(Scraped caption text data)

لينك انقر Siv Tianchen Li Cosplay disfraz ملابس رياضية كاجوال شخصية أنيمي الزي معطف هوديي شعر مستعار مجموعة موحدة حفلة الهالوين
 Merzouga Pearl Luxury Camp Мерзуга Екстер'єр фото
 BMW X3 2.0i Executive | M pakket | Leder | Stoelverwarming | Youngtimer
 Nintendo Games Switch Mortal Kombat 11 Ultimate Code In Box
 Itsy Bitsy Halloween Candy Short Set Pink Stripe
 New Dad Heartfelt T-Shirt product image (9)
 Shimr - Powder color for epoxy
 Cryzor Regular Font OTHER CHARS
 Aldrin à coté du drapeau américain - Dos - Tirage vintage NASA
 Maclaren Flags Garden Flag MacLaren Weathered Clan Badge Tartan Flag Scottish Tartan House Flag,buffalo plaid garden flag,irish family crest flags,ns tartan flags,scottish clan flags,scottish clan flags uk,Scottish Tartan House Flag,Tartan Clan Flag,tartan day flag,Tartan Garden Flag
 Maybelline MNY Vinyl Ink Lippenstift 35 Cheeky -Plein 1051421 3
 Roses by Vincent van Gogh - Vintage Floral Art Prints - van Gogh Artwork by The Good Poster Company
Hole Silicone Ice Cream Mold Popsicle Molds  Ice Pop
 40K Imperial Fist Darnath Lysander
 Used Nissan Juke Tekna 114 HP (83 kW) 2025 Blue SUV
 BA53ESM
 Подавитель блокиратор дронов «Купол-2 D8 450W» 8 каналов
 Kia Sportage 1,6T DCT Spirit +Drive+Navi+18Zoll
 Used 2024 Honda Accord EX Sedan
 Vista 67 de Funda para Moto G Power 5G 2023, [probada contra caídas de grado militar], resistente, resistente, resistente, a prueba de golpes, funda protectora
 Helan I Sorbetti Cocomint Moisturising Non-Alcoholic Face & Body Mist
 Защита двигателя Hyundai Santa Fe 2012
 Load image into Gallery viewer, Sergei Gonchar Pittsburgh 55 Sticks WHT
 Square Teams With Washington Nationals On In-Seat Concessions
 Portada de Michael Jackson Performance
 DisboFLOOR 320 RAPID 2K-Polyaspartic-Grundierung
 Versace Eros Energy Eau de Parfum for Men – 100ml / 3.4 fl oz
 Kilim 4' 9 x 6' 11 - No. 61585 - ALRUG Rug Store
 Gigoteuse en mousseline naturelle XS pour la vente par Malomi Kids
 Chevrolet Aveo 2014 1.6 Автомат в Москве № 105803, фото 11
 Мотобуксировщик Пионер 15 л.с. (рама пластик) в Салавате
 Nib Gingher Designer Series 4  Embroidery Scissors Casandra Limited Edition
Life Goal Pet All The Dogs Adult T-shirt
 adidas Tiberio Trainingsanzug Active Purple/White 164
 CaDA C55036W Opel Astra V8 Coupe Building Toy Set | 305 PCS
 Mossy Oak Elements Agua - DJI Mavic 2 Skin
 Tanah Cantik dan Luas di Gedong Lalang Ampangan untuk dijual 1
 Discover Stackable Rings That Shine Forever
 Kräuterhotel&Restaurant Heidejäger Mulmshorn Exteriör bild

--- What you have to do ---
Reproduce verbatim the lines above, from the line with "Nintendo Games Switch" through the line with "Cryzor Regular Font OTHER CHARS".

--- Expected answer ---
 Nintendo Games Switch Mortal Kombat 11 Ultimate Code In Box
 Itsy Bitsy Halloween Candy Short Set Pink Stripe
 New Dad Heartfelt T-Shirt product image (9)
 Shimr - Powder color for epoxy
 Cryzor Regular Font OTHER CHARS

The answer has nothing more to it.